Provided entries START

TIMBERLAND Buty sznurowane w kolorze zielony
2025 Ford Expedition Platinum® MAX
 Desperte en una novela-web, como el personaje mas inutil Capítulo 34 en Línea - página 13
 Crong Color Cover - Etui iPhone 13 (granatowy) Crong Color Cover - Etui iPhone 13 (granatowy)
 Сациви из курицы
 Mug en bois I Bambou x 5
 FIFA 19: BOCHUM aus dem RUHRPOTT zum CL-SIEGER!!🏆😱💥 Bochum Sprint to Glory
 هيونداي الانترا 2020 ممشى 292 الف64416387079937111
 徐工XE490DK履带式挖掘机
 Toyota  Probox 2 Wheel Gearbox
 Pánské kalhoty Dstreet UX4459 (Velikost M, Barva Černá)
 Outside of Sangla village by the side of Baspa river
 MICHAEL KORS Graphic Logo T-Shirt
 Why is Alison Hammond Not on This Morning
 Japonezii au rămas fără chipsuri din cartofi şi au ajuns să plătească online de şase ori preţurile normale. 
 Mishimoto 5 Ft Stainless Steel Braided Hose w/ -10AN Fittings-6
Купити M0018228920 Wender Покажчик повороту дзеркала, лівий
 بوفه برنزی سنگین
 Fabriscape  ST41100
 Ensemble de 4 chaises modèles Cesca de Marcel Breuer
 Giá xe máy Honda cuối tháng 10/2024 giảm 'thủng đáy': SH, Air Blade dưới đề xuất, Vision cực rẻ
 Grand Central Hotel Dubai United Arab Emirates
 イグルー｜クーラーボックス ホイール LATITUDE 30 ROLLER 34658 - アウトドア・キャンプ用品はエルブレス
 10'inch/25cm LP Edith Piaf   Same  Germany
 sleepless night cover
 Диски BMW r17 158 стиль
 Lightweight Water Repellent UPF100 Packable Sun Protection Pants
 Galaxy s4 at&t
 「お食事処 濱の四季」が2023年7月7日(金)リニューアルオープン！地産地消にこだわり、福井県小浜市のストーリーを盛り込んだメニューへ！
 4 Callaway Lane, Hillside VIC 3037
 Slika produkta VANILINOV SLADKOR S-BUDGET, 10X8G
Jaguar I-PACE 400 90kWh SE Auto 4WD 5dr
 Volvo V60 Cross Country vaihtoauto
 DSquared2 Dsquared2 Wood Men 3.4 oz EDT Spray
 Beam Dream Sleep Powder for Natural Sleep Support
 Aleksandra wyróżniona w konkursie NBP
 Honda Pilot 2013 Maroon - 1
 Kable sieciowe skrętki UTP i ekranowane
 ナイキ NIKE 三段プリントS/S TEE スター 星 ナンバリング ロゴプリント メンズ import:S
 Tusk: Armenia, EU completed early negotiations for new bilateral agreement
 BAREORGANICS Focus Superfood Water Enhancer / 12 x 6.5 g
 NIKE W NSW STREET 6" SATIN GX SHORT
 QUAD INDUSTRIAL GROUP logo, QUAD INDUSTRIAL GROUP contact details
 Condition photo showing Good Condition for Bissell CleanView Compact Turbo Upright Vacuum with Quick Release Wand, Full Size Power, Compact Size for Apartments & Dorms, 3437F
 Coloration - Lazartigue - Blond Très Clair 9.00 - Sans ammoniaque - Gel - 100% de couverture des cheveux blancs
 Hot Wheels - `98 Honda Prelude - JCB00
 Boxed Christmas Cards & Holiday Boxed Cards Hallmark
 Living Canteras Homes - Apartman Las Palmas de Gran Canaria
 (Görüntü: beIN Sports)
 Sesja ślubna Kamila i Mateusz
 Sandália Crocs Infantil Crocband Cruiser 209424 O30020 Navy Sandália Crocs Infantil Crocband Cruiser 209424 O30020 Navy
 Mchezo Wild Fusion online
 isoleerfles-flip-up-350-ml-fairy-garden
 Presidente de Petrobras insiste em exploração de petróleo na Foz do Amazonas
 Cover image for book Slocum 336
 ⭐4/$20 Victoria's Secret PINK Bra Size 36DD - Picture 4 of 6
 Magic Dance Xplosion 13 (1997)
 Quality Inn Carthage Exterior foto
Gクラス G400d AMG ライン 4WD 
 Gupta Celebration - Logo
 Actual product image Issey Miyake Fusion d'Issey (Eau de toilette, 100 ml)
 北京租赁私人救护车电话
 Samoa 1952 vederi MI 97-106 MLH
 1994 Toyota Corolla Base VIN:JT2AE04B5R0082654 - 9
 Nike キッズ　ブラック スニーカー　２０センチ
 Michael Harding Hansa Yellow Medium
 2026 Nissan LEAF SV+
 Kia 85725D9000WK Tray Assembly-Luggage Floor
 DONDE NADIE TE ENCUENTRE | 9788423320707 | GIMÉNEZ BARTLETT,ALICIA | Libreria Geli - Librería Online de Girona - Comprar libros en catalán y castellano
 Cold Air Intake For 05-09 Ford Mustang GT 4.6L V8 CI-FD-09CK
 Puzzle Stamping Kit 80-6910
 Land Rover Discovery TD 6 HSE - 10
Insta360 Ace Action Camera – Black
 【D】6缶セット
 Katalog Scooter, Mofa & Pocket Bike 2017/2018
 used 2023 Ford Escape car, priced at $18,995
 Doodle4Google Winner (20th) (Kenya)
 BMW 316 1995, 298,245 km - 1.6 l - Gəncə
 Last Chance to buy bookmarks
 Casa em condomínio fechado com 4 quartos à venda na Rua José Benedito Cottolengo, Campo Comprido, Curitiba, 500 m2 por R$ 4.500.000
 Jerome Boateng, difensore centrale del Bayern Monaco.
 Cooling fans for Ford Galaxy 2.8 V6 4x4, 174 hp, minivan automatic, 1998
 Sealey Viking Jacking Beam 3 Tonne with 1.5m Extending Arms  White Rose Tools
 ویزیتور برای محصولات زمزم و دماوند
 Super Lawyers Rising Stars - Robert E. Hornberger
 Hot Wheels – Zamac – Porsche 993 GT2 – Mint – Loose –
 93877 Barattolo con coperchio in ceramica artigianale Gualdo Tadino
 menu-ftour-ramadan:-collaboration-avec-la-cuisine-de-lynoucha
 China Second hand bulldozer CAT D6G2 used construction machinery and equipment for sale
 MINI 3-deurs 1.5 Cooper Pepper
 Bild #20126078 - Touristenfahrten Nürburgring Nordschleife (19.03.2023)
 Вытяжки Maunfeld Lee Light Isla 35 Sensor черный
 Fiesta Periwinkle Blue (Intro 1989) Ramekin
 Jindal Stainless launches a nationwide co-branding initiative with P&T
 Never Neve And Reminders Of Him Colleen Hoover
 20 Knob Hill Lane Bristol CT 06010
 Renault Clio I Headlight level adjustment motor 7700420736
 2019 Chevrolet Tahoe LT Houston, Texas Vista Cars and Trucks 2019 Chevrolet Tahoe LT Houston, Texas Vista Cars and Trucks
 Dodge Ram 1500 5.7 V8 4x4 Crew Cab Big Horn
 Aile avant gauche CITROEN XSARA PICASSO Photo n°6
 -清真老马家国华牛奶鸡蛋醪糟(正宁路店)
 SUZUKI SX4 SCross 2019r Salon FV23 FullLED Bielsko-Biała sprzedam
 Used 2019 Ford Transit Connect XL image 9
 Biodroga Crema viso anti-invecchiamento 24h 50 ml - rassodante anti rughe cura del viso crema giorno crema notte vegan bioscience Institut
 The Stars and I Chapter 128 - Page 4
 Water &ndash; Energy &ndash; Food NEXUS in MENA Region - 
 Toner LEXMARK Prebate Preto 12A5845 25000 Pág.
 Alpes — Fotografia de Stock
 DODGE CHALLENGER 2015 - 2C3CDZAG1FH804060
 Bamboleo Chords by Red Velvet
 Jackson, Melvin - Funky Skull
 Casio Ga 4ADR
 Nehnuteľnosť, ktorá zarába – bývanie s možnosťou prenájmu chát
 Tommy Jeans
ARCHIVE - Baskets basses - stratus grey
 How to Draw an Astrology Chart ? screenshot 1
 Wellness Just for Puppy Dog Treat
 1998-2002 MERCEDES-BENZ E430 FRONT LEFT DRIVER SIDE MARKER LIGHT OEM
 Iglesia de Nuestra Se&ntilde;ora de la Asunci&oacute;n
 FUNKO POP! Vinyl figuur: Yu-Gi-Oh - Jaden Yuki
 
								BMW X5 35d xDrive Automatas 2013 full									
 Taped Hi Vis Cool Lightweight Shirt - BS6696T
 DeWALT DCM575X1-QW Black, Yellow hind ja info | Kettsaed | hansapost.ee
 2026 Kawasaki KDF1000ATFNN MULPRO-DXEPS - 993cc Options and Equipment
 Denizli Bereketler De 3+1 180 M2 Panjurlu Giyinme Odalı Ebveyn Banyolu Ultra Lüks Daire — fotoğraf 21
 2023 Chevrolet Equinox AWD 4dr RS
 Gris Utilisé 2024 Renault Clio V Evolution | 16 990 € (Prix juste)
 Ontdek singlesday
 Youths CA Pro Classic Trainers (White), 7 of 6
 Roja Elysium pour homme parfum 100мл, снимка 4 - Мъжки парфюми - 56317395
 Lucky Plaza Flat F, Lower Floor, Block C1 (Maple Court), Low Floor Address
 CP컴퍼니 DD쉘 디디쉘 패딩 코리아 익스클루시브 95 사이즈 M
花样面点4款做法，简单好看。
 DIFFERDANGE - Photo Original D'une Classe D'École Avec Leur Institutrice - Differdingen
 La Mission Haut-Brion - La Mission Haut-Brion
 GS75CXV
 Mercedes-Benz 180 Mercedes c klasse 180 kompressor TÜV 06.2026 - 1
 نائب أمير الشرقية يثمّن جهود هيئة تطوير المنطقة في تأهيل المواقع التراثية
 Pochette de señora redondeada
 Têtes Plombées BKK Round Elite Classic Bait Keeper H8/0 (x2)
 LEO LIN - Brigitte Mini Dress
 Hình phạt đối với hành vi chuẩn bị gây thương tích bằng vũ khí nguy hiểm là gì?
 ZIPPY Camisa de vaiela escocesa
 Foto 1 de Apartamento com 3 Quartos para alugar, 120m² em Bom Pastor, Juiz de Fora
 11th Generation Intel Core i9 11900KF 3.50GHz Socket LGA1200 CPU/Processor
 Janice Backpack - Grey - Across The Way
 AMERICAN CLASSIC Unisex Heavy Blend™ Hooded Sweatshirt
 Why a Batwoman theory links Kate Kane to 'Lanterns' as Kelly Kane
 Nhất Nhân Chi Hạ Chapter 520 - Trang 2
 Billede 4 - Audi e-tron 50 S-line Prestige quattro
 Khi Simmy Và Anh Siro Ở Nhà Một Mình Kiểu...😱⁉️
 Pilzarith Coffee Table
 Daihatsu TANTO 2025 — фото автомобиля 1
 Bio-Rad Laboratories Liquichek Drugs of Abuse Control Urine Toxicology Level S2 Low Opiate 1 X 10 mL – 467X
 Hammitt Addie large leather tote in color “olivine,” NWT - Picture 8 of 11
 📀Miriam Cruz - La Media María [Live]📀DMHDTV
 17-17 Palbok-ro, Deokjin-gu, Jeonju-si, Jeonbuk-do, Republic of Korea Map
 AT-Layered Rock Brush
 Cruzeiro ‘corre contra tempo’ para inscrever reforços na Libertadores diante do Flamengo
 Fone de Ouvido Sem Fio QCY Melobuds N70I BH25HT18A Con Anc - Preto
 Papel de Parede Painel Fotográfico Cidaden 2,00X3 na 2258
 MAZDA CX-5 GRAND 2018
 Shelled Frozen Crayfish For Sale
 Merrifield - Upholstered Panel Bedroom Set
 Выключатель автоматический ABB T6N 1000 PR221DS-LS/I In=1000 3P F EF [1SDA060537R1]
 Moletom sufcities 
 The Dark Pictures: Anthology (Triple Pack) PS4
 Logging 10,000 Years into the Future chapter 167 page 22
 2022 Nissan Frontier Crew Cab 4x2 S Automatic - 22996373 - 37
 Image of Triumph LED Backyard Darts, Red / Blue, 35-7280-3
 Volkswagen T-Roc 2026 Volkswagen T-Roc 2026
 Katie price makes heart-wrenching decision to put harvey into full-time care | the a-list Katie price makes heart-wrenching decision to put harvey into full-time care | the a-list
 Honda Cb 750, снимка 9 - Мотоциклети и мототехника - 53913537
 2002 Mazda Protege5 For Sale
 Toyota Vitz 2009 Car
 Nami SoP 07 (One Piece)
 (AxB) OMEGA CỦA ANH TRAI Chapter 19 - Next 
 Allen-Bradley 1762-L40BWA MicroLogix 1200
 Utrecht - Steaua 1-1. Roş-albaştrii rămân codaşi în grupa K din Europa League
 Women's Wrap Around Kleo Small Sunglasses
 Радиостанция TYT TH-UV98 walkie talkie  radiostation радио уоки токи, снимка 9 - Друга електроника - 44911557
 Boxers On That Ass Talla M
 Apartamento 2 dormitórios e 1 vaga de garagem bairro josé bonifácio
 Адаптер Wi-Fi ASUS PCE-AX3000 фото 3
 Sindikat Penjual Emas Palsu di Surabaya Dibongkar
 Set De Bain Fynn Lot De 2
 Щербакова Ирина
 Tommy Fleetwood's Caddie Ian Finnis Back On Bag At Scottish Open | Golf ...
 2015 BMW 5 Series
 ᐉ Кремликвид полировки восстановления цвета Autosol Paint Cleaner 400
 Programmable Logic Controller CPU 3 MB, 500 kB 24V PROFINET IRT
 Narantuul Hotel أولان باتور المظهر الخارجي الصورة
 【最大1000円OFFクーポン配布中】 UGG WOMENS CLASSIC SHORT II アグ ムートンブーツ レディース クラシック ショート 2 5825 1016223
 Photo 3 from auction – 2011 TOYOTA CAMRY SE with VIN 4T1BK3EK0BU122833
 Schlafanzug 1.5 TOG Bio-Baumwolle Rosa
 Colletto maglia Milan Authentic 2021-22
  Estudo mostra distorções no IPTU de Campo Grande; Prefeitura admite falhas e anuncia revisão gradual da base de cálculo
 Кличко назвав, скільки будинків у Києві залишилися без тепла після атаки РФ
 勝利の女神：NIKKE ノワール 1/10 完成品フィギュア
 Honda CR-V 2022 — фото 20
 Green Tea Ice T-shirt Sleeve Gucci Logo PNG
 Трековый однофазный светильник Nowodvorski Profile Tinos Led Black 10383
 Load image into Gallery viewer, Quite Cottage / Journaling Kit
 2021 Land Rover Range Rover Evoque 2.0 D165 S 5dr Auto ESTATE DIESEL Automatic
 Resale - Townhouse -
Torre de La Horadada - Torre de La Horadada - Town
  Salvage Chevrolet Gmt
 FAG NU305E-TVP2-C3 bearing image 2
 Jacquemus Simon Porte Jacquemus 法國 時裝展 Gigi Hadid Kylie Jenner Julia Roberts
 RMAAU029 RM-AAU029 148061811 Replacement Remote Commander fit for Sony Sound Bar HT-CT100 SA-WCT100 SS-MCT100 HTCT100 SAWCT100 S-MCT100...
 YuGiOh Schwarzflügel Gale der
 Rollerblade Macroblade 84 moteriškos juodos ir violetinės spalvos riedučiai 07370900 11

Provided entries END

> _What the exercise asks_
Retype the portion of the data above that starts on the line with "Fiesta Periwinkle Blue (Intro 1989) Ramekin" and finishes on the line with "Water &ndash; Energy", including both of those lines.

> _Written solution_
 Fiesta Periwinkle Blue (Intro 1989) Ramekin
 Jindal Stainless launches a nationwide co-branding initiative with P&T
 Never Neve And Reminders Of Him Colleen Hoover
 20 Knob Hill Lane Bristol CT 06010
 Renault Clio I Headlight level adjustment motor 7700420736
 2019 Chevrolet Tahoe LT Houston, Texas Vista Cars and Trucks 2019 Chevrolet Tahoe LT Houston, Texas Vista Cars and Trucks
 Dodge Ram 1500 5.7 V8 4x4 Crew Cab Big Horn
 Aile avant gauche CITROEN XSARA PICASSO Photo n°6
 -清真老马家国华牛奶鸡蛋醪糟(正宁路店)
 SUZUKI SX4 SCross 2019r Salon FV23 FullLED Bielsko-Biała sprzedam
 Used 2019 Ford Transit Connect XL image 9
 Biodroga Crema viso anti-invecchiamento 24h 50 ml - rassodante anti rughe cura del viso crema giorno crema notte vegan bioscience Institut
 The Stars and I Chapter 128 - Page 4
 Water &ndash; Energy &ndash; Food NEXUS in MENA Region - 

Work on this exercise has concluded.